Signed-off-by: Tarun Sahu <tarunsahu@google.com>
---
 virt/kvm/guest_memfd.c | 117 +++++++++++++++++++++++++++++++++++++----
 virt/kvm/guest_memfd.h |   5 ++
 2 files changed, 111 insertions(+), 11 deletions(-)

diff --git a/virt/kvm/guest_memfd.c b/virt/kvm/guest_memfd.c
index fe1adc9b..a4d9d34 100644
--- a/virt/kvm/guest_memfd.c
+++ b/virt/kvm/guest_memfd.c
@@ -7,11 +7,13 @@
 #include <linux/mempolicy.h>
 #include <linux/pseudo_fs.h>
 #include <linux/pagemap.h>
+#include <linux/srcu.h>
 #include "guest_memfd.h"
 
 #include "kvm_mm.h"
 
 static struct vfsmount *kvm_gmem_mnt;
+static struct srcu_struct kvm_gmem_freeze_srcu;
 
 
 #define kvm_gmem_for_each_file(f, inode) \
@@ -96,6 +98,7 @@ static struct folio *kvm_gmem_get_folio(struct inode *inode, pgoff_t index)
 	/* TODO: Support huge pages. */
 	struct mempolicy *policy;
 	struct folio *folio;
+	int idx;
 
 	/*
 	 * Fast-path: See if folio is already present in mapping to avoid
@@ -105,12 +108,20 @@ static struct folio *kvm_gmem_get_folio(struct inode *inode, pgoff_t index)
 	if (!IS_ERR(folio))
 		return folio;
 
+	idx = srcu_read_lock(&kvm_gmem_freeze_srcu);
+	if (kvm_gmem_is_frozen(inode)) {
+		srcu_read_unlock(&kvm_gmem_freeze_srcu, idx);
+		return ERR_PTR(-EPERM);
+	}
+
 	policy = mpol_shared_policy_lookup(&GMEM_I(inode)->policy, index);
 	folio = __filemap_get_folio_mpol(inode->i_mapping, index,
 					 FGP_LOCK | FGP_CREAT,
 					 mapping_gfp_mask(inode->i_mapping), policy);
 	mpol_cond_put(policy);
 
+	srcu_read_unlock(&kvm_gmem_freeze_srcu, idx);
+
 	/*
 	 * External interfaces like kvm_gmem_get_pfn() support dealing
 	 * with hugepages to a degree, but internally, guest_memfd currently
@@ -273,16 +284,30 @@ static long kvm_gmem_allocate(struct inode *inode, loff_t offset, loff_t len)

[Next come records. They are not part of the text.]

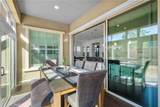8327 Mariposa Court - Photo 30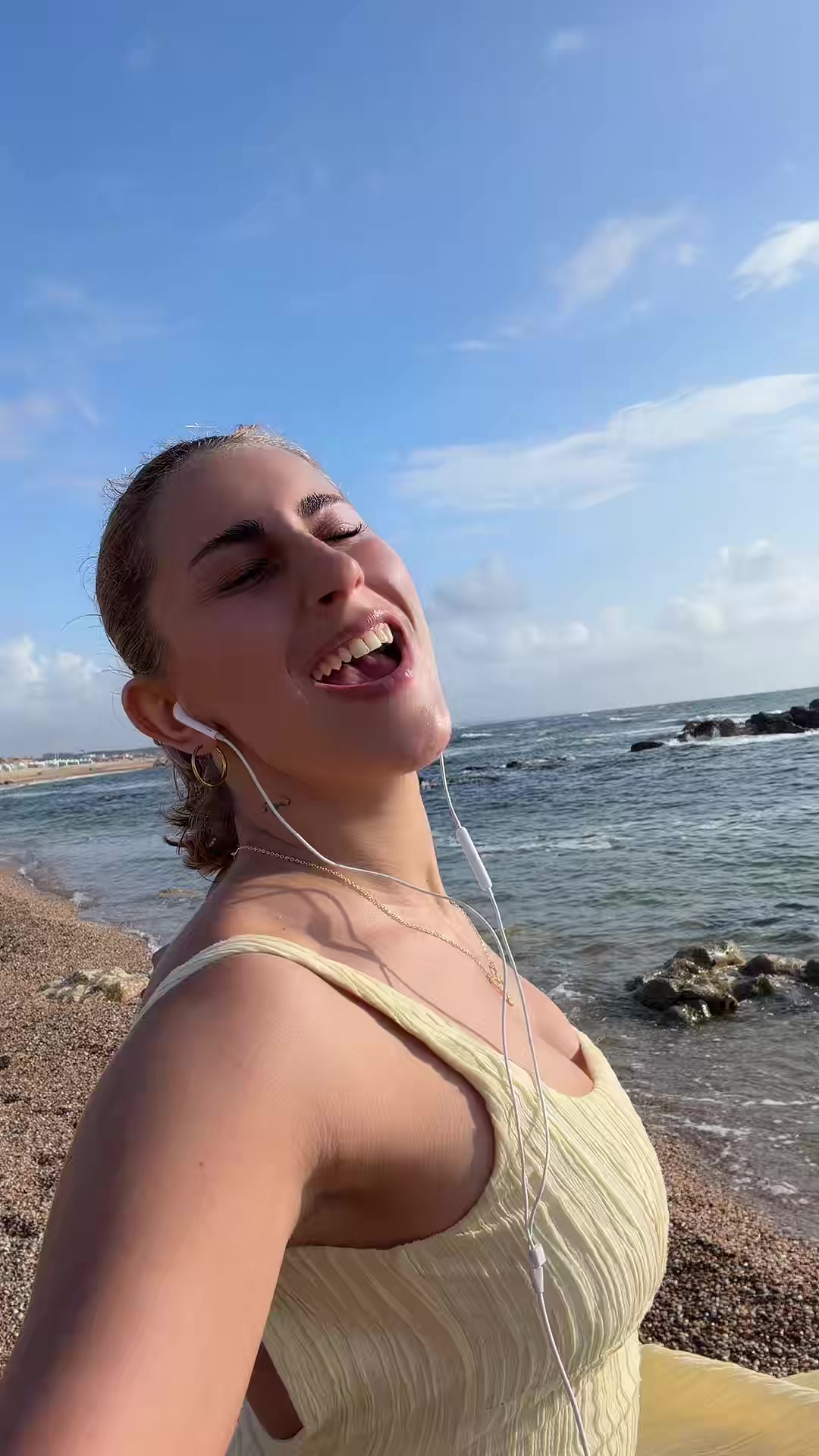 @marziehhamidi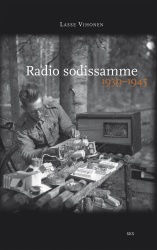 Radio sodissamme 1939-1945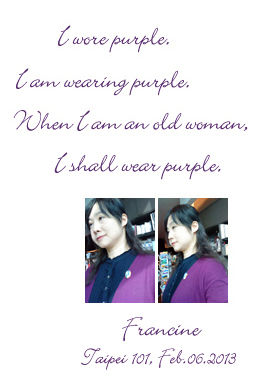 I_wear_purple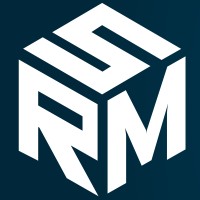 Scott Risk Management Ltd Logo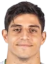 Pavlos Pantelidis
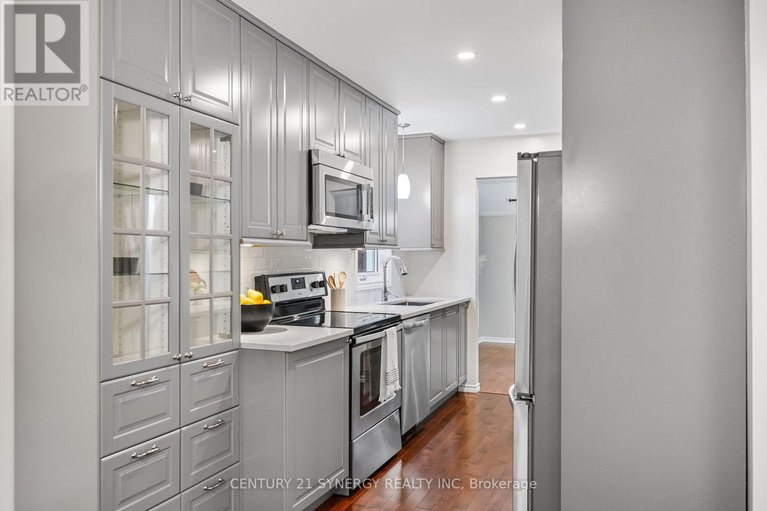 28989333/2752-wyldewood-street-w/emerald-woodssawmill-creek/ottawa/ontario/K1T2S4_12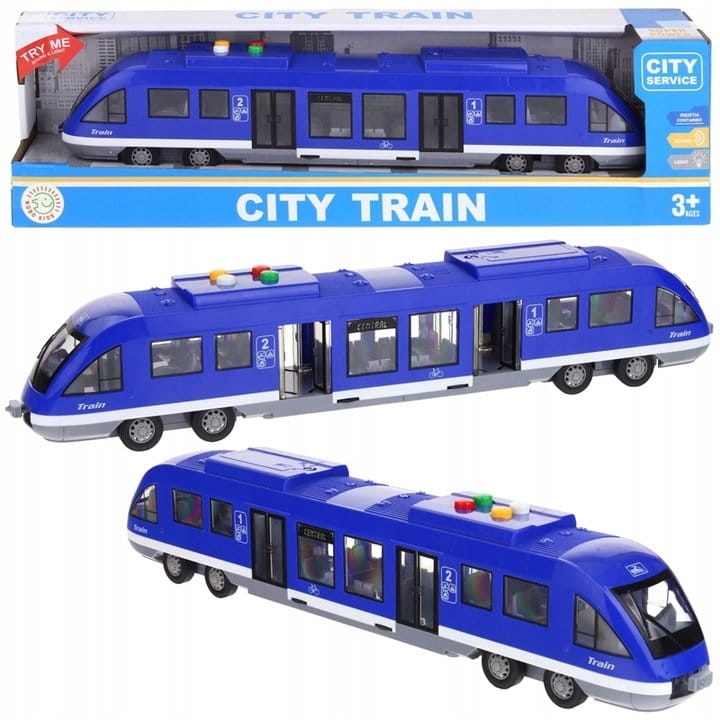 Interaktywny-Tramwaj-Pociag-z-Napedem-Zabawka-Dla-Dzieci-Otwierane-Drzwi_wynik.jpg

 static long kvm_gmem_fallocate(struct file *file, int mode, loff_t offset,
 			       loff_t len)
 {
+	struct inode *inode = file_inode(file);
 	int ret;
+	int idx;
 
-	if (!(mode & FALLOC_FL_KEEP_SIZE))
-		return -EOPNOTSUPP;
+	idx = srcu_read_lock(&kvm_gmem_freeze_srcu);
+	if (kvm_gmem_is_frozen(inode)) {
+		srcu_read_unlock(&kvm_gmem_freeze_srcu, idx);
+		return -EPERM;
+	}
 
-	if (mode & ~(FALLOC_FL_KEEP_SIZE | FALLOC_FL_PUNCH_HOLE))
-		return -EOPNOTSUPP;
+	if (!(mode & FALLOC_FL_KEEP_SIZE)) {
+		ret = -EOPNOTSUPP;
+		goto out;
+	}
 
-	if (!PAGE_ALIGNED(offset) || !PAGE_ALIGNED(len))
-		return -EINVAL;
+	if (mode & ~(FALLOC_FL_KEEP_SIZE | FALLOC_FL_PUNCH_HOLE)) {
+		ret = -EOPNOTSUPP;
+		goto out;
+	}
+
+	if (!PAGE_ALIGNED(offset) || !PAGE_ALIGNED(len)) {
+		ret = -EINVAL;
+		goto out;
+	}
 
 	if (mode & FALLOC_FL_PUNCH_HOLE)
 		ret = kvm_gmem_punch_hole(file_inode(file), offset, len);
@@ -291,6 +316,9 @@ static long kvm_gmem_fallocate(struct file *file, int mode, loff_t offset,
 
 	if (!ret)
 		file_modified(file);
+
+out:
+	srcu_read_unlock(&kvm_gmem_freeze_srcu, idx);
 	return ret;
 }
 
@@ -948,7 +976,9 @@ static void kvm_gmem_destroy_inode(struct inode *inode)
 
 static void kvm_gmem_free_inode(struct inode *inode)
 {
-	kmem_cache_free(kvm_gmem_inode_cachep, GMEM_I(inode));
+	struct gmem_inode *gi = GMEM_I(inode);
+
+	kmem_cache_free(kvm_gmem_inode_cachep, gi);
 }
 
 static const struct super_operations kvm_gmem_super_operations = {
@@ -1005,12 +1035,21 @@ int kvm_gmem_init(struct module *module)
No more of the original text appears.